2. Petitioner’s Response:
- Metal One Corporation challenges the assumption that secondment of employees constitutes a supply subject to tax.
- The petitioner asserts that payments to expatriate employees are made under separate employment contracts and not for the supply of services by the holding company.
3. Legal Standpoint:
- The respondents rely on the Supreme Court’s decision in C.C.,E., & ST., Bangalore v. Northern Operating Systems Pvt. Ltd., arguing similarities in the payment structure.
- Metal One Corporation distinguishes the case, emphasizing the foreign company’s role as the employer and the absence of separate contracts in the cited case.
4. Court’s Interim Decision:
- The Delhi High Court, prima facie, opines that salaries paid under employment agreements, absent additional factors, may not be deemed payment for manpower services.
- The court stays proceedings related to the impugned SCNs until further hearings.
Conclusion: The Delhi High Court’s interim decision in the Metal One Corporation case provides relief by staying the GST RCM demand on salaries paid to seconded employees. The court’s initial observation leans toward considering such payments as part of employment contracts rather than services subject to GST. Further developments in the case will shed light on the final resolution.
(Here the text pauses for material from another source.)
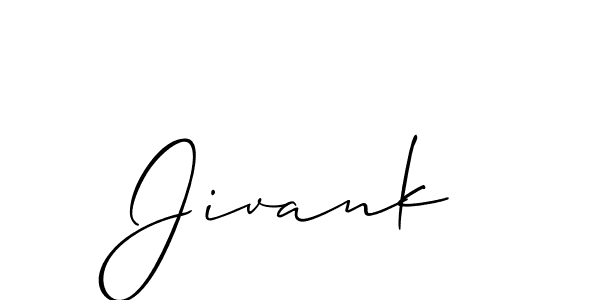 Best and Professional Signature Style for Jivank. Allison_Script Best Signature Style Collection. Jivank signature style 2 images and pictures png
FULL TEXT OF THE JUDGMENT/ORDER OF DELHI HIGH COURT
CM APPL. 59656/2023
1. Exemption is allowed, subject to all just exceptions.
2. The application stands disposed of.
P.(C) 14945/2023 & CM APPL. 59655/2023
3. Issue notice.
4. The learned counsel for the respondents accepts notice.
5. The petitioner has filed the present petition impugning the show cause notices dated 29.09.2023 (hereafter ‘the impugned SCNs’) (all bearing show cause notice no.93/2023-2024) issued to the three offices of the petitioner located in Delhi, Bombay and Chennai proposing an aggregate demand of ₹3,09,12,653/- (Rupees Three Crores Nine Lacs Twelve Thousand Six Hundred and Fifty Three only) on the ground that the petitioner is liable to pay tax on Reverse Charge Mechanism (hereafter ‘the RCM’), on account of supplies received from its holding company.
6. The petitioner’s holding company had seconded its employees to the According to the Department, payments made to the seconded employees as salaries are chargeable to IGST on RCM. The impugned SCNs proceed on the premise that the remuneration paid to the seconded employees is in essence payment for manpower services rendered by the petitioner’s holding company. Prior to issuing the impugned SCNs, the respondents had issued a pre-show cause notice dated 20.09.2023 calling upon the petitioner to pay the aforesaid demand, failing which a show cause notice would be issued. The petitioner responded to the said pre-show cause notice by a letter dated 25.09.2023, challenging the assumption that secondment of employees entailed any supply chargeable to tax. The petitioner stated that the payment made to expatriate employees were in terms of the separate employment contracts entered into with them respectively. The payment of such remuneration was not on account of supply of services by the petitioner’s holding company.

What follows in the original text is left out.